A powerful novel of intrigue, sacrifice, savagery and holy war---the apocalyptic ending of the First Crusade trilogy.
August, 1098. After countless battles and sieges, the surviving soldiers of the First Crusade are at last within reach of their ultimate goal: Jerusalem. But rivalries fester, and while the Crusaders delay, new enemies are massing against them in the Holy Land.
Demetrios Askiates has had enough of the Crusade’s violence and hypocrisy---he longs to return home. But when a routine diplomatic mission leads to a deadly ambush, he realizes he has been snared in the vast power struggles that underlie the Crusade. The only way out now leads through the Holy City.
From the plague-bound city of Antioch to the heart of Muslim Egypt, across mountains, seas and deserts, Demetrios must accompany the army of warlords and fanatics to the very gates of Jerusalem. Where, as the lethal endgame plays out, the Crusade climaxes in an apocalypse of pillage, bloodshed and slaughter.
Siege of Heaven is a breathtaking finale to the critically acclaimed series. Following The Mosaic of Shadows and The Knights of the Cross, Tom Harper skillfully blends war, redemption, and triumph into a stunning conclusion.
Praise for Knights of the Cross
“Harper’s excellent second historical whodunit shows that his fine debut was no fluke. Like Steven Saylor, the master of the ancient Roman historical, Harper effortlessly draws the reader into an unfamiliar time, bringing alive the characters and their motivations.”

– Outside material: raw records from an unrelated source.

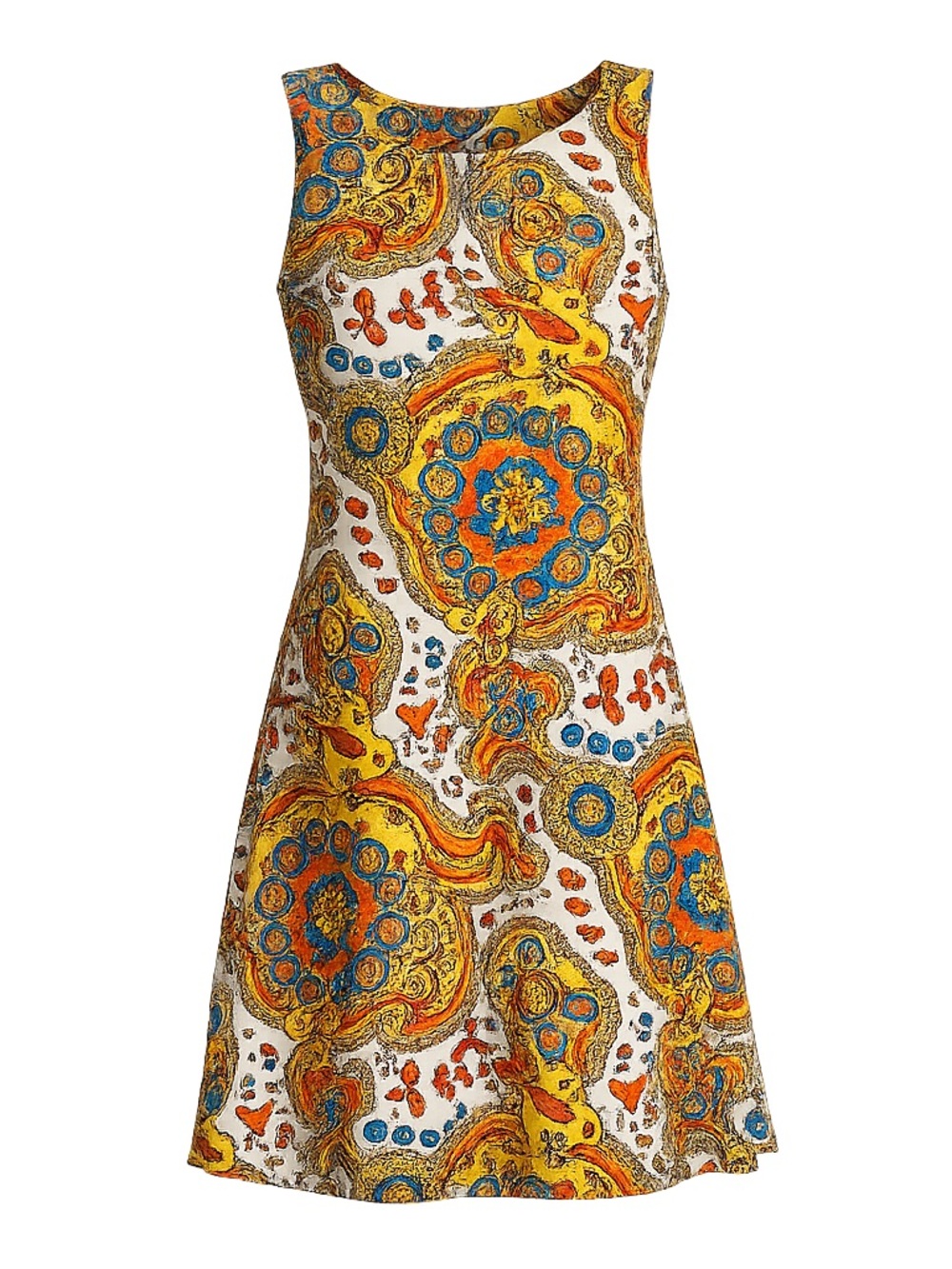 Jude Connally XS Colorful Paisley Medallion Sleeveless Shift Dress Made in USA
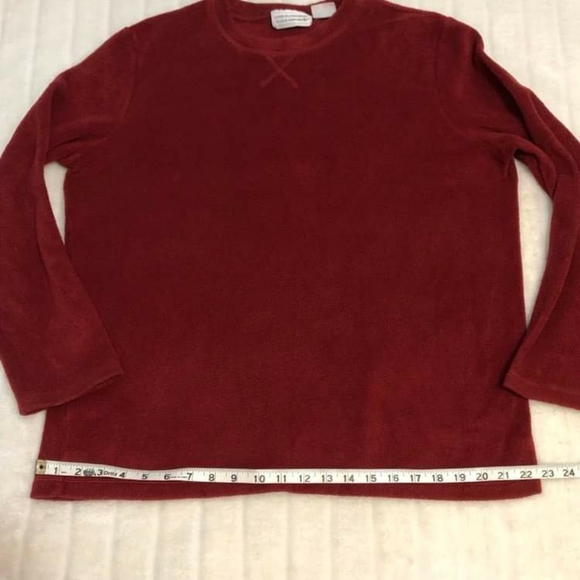 BOGO🦋 Deep Red Colour Pullover Fleece Sweater - Picture 9 of 10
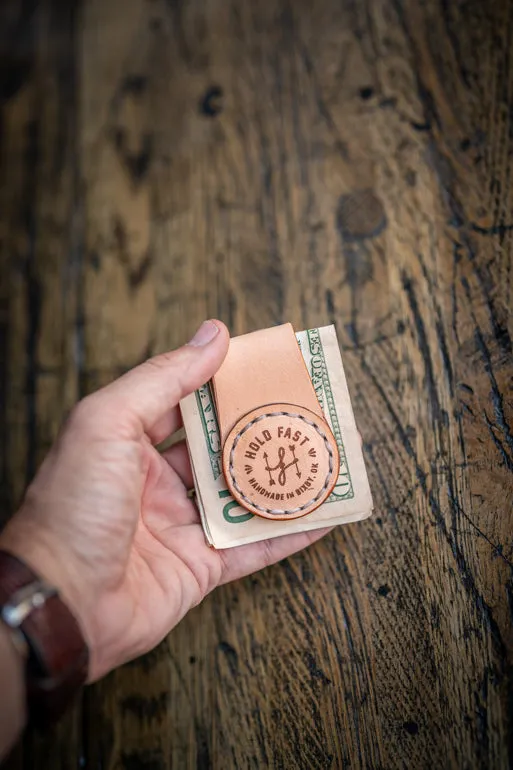 Magnetic Buttero Leather Money Clip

---Publishers Weekly (starred review)
“Gripping for its portrayal of the Crusader leaders . . . this is a great example from a trustworthy historian.”
Praise for the Mosaic of Shadows
"Fans of well-written, meticulously researched historicals should embrace this promising new talent.”
--Publishers Weekly (starred review)
“Considering what Arnold Schwarzenegger did with the title ‘The Terminator,’ the hero of Tom Harper’s debut historical mystery could go all the way to the top of American politics . . . Harper . . . knows how to fit known facts into flights of fancy to fine dramatic effect.”
“. . . an exciting historical mystery . . . Reminding readers of Saylor’s Gordianus and Roberts’ Decius, Demetrios is an interesting protagonist who escorts readers on a terrific tour during his dangerous investigation.”